_DATASET EXCERPT:_

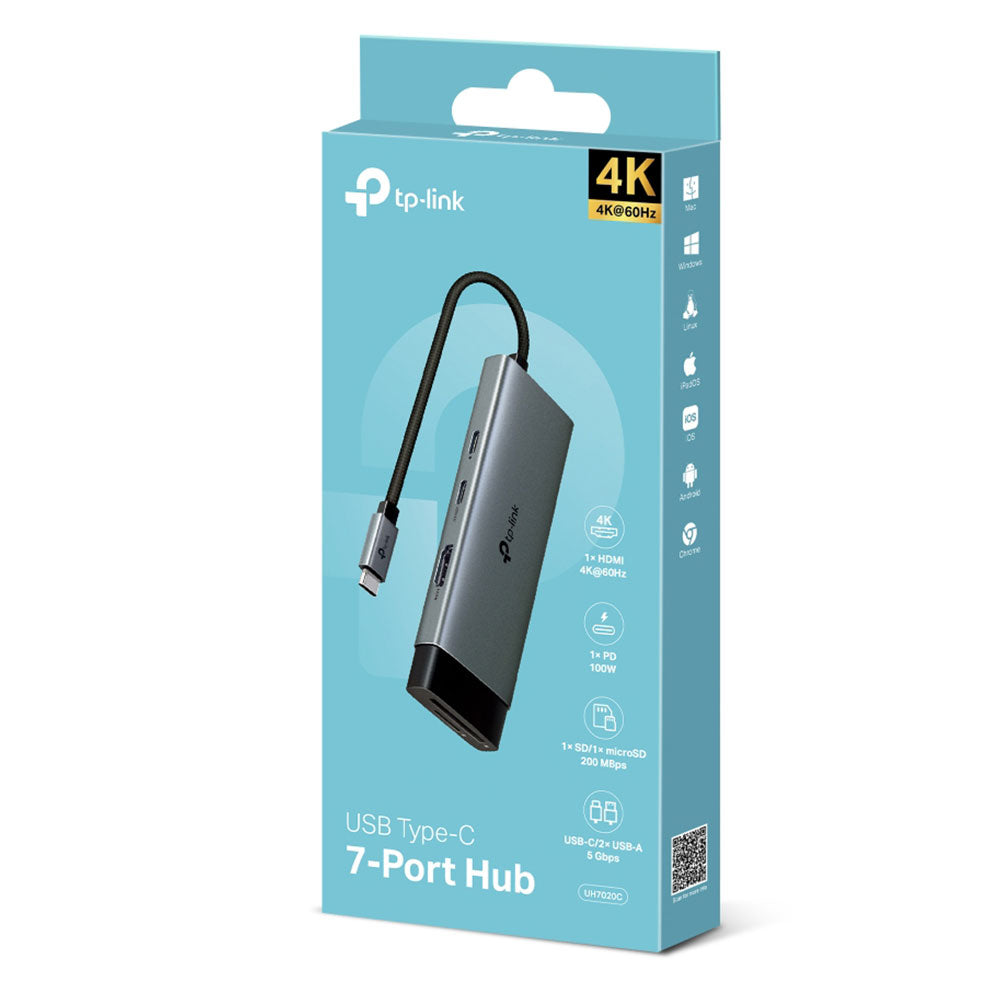 محول تايب سي تي بي لينك UH7020C
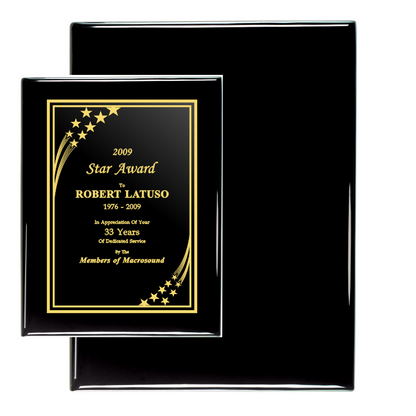 Wall plaque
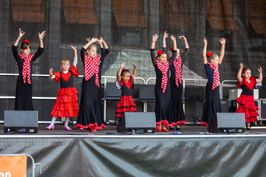 Kids flamenco lizdans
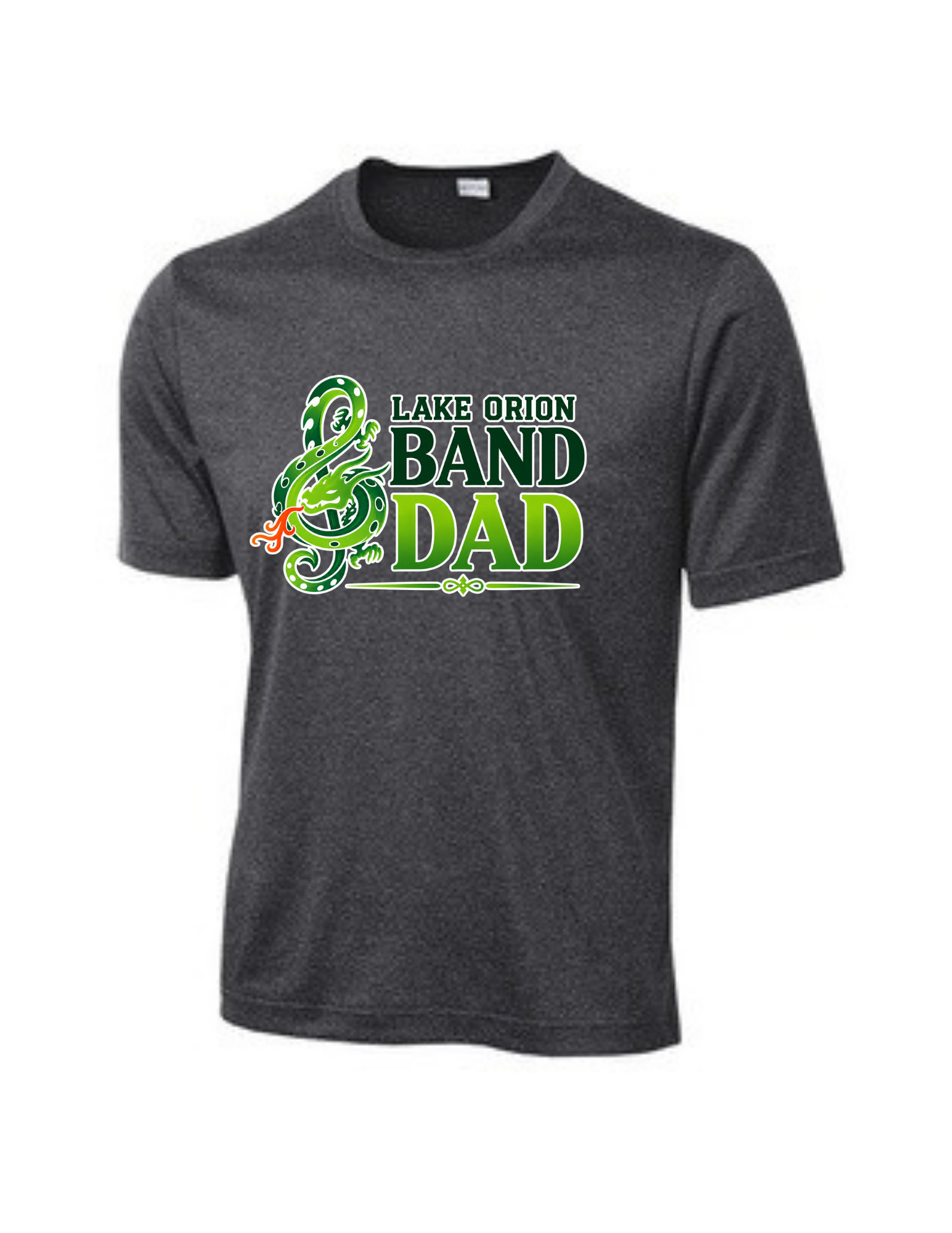 LO Band Dad Sport-Tek® Heather Contender™ Tee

_TASK DIRECTIONS:_ Print the lines from the line containing "Wall plaque" through the last line of the listing, exactly as they stand, and leave any pictures out.

_RESULT OF THE EXERCISE:_
 Wall plaque
 Kids flamenco lizdans
 LO Band Dad Sport-Tek® Heather Contender™ Tee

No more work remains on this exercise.